Where this discussion should start is with a schematic of what’s being suggested.
Then all contributors are in sync, rather than guessing at the physical arrangement.
An ink on paper is fine for this simple circuit.
Have fun.
When the projects finished and a vague memory, your dev notes and circuit diagram will bring it back to life in minutes.
Yes I agree. I only mentioned the effect so the OP didn't think it was really an open circuit. The board he is driving is 5V based so it should not be a problem.
You guys are the greatest! But I'm a little slow at understanding these things as haven't really done a lot of electronics in recent years... I'll figure it out though.
@JohnRob, would your suggestion of making the pin an Input be able to give me an open circuit, and then GND (not 5v)
@LarryD to be honest I'm not really sure how to draw this schematically as it feels like my requirement is too simple. My understanding is that I need a pin that gives me 2 states, GND or Open Circuit.

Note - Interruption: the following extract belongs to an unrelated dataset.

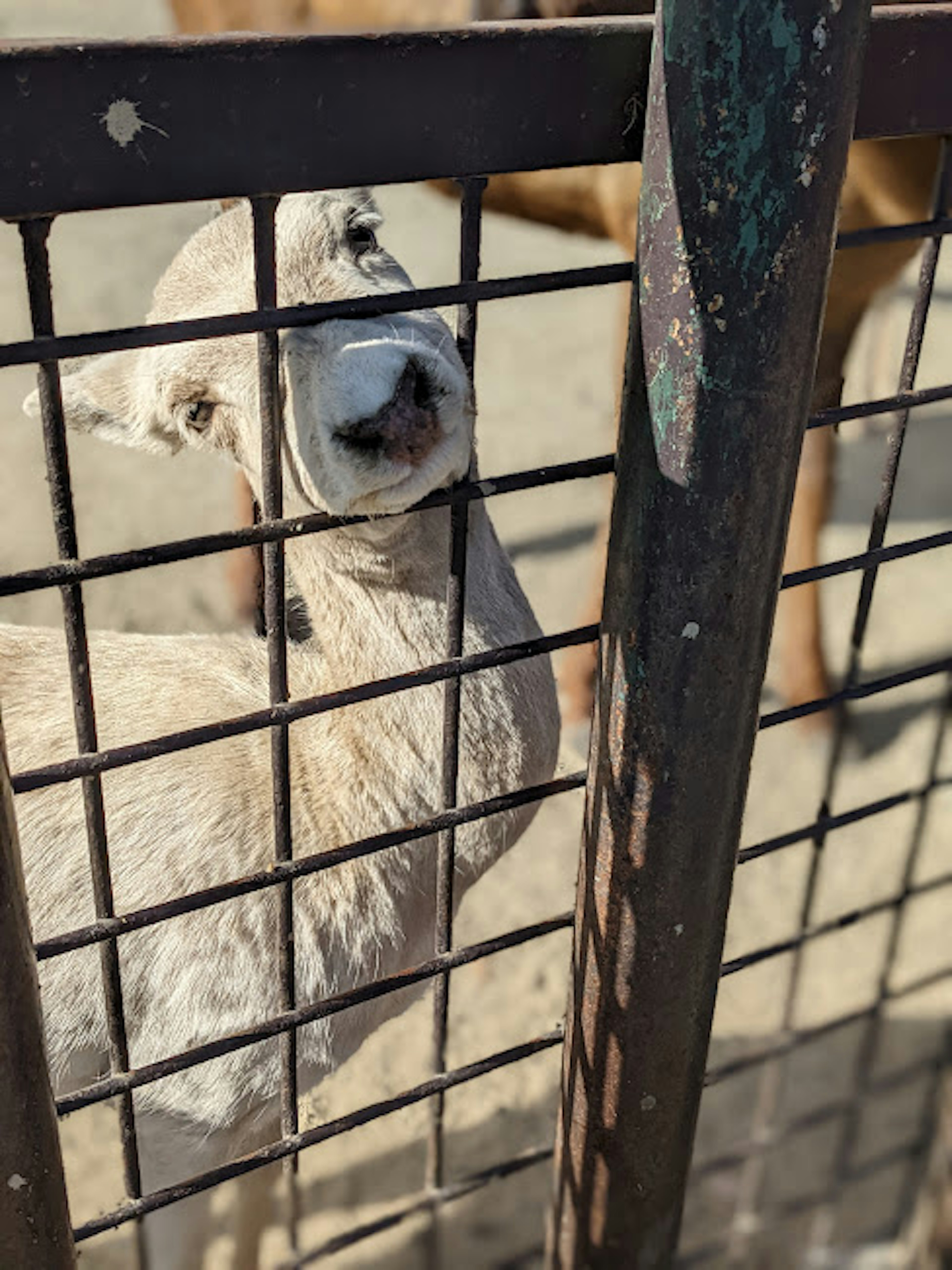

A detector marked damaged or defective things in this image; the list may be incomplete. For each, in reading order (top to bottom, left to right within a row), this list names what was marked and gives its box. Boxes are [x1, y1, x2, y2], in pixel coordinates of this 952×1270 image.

@herbschwarz just a diode connected to the current pin that is outputting 5v or nothing (gnd?). Does this mean the 5V state is effectively blocked by the diode?
@anon57585045 yes, maybe I'm incorrect in my assumption maybe the current pin going high/low would work as it is but I've already killed one of these driver boards by getting something like that wrong. I'll definitely look into the external diode/transistor idea. Can you explain how to connect the external diode as I'm sure I have a supply of those in my garage.
The only information I have found on this motor driver board is the diagram in my first post. There is simply nothing else I can find out there. Since it shows that pin being grounded, I'm assuming that 5v on that pin is not a good idea. I have blown one driver board already, and I have 3 in total. Willing to give it a try, as I need to order more now anyway.